Where there are not ten (10) members to form a regional chapter, a person who wishes to certify a canine with the NNDDA shall associate himself with a regional chapter adjacent to his state or one of his choosing.
All regional officials shall attend a training session with the current NNDDA certifying official prior to certifying any canine in the regional chapter. During this training session, the regional official will be trained on the standards of the NNDDA and shall establish certification programs and tests within the context of the NNDDA standards.
ARTICLE XI
SUSPENSION/TERMINATION OF MEMBERSHIP
The Board of Directors are authorized to suspend or terminate any member of the NNDDA for:
A. Misrepresenting themselves as any official of the NNDDA, in any capacity, without the prior approval of the Board of Directors.
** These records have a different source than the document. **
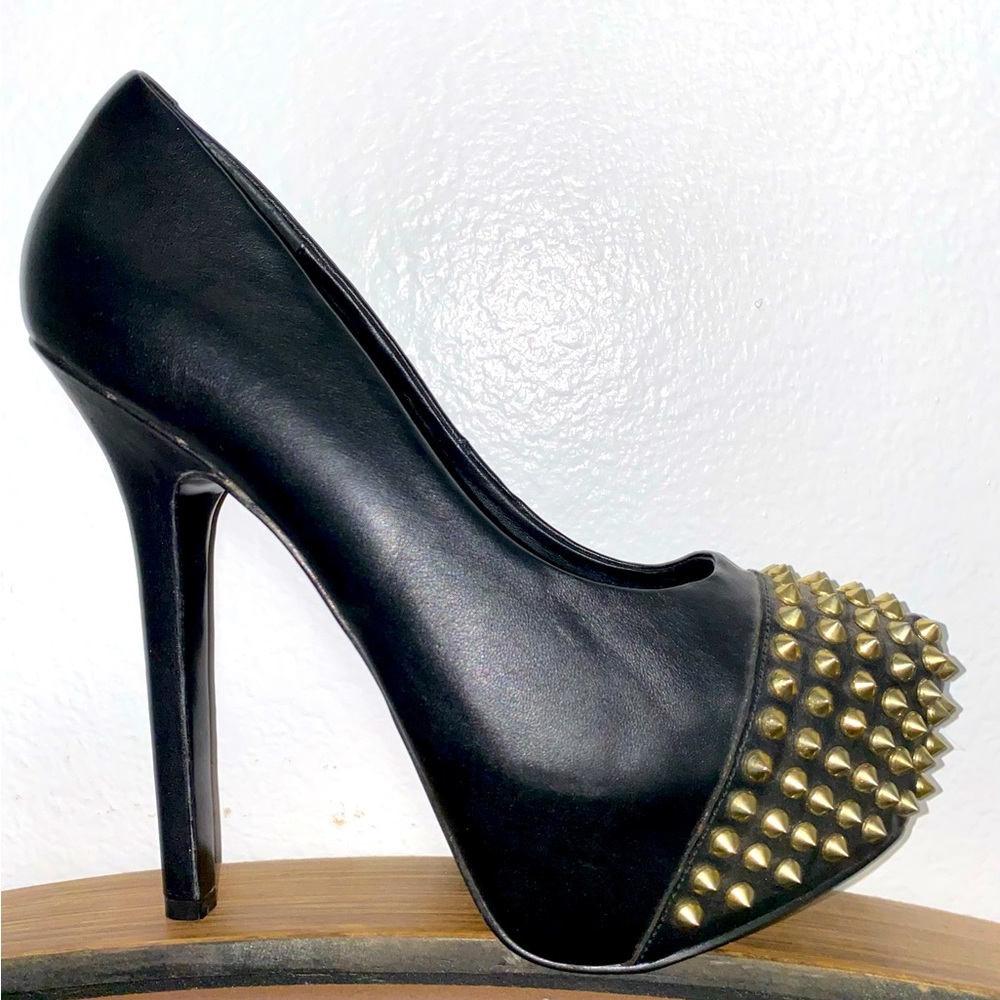 Steve Madden spiked platform heels size 9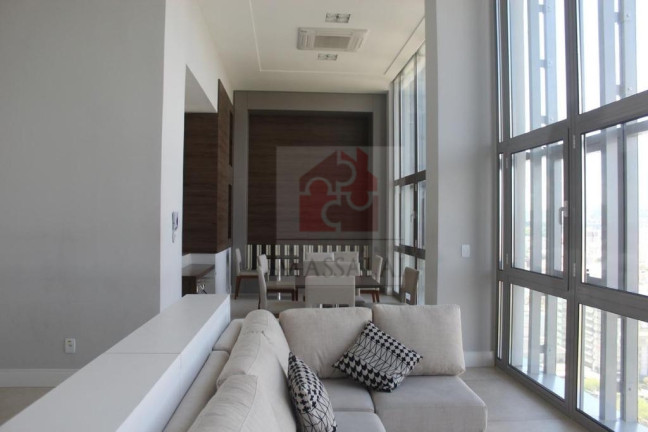 Imagem Imóvel com 1 Quarto à Venda, 38 m² em Centro - Porto Alegre Imagem Imóvel com 1 Quarto à Venda, 38 m² em Centro - Porto Alegre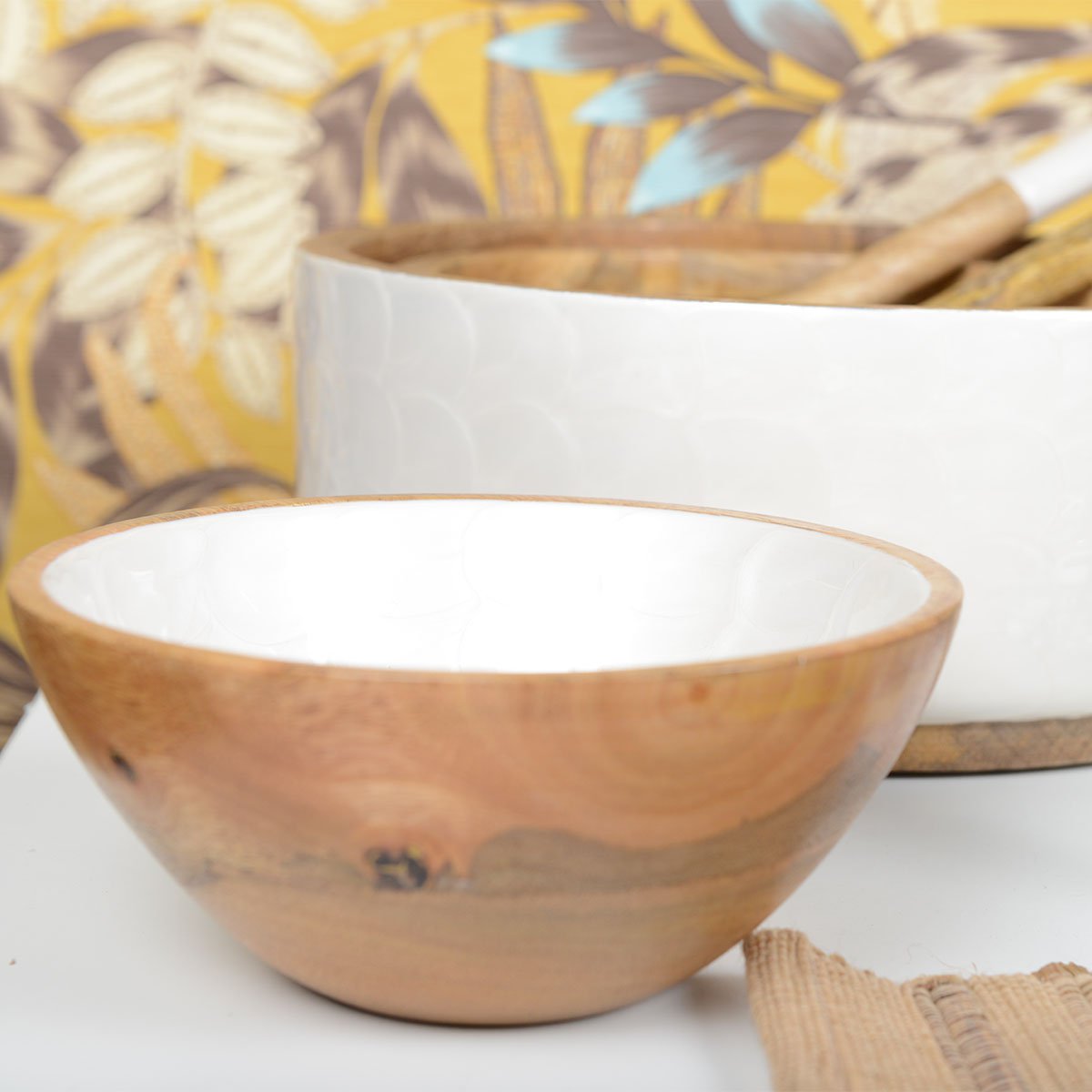 WHITE PEARL MANGO WOOD BOWL 18CM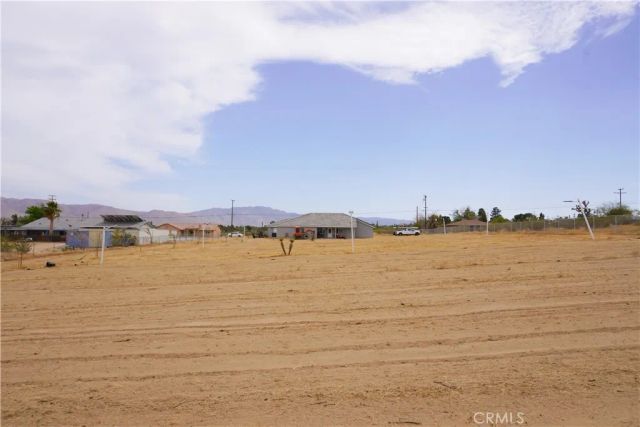 18702 Atlantic Street, Hesperia, CA 92345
B. Conduct themselves in a manner that damages the reputation of the NNDDA.
C. A suspended member may appeal their status to the Board of Directors for review. This appeal must be made in writing and received by the Board within 30 days from the suspension notification date. After Board review the suspended member may be reinstated or the Board may present it to the general membership at the annual conference for a vote for permanent termination.
REVISED AND ADOPTED BY THE BOARD OF DIRECTORS. APPROVED BY VOTE, DURNING THE GENERAL MEMBERSHIP MEETING IN JACKSON, MS, AND EFFECTIVE THE THIRTY-FIRST DAY OF MARCH, 2008.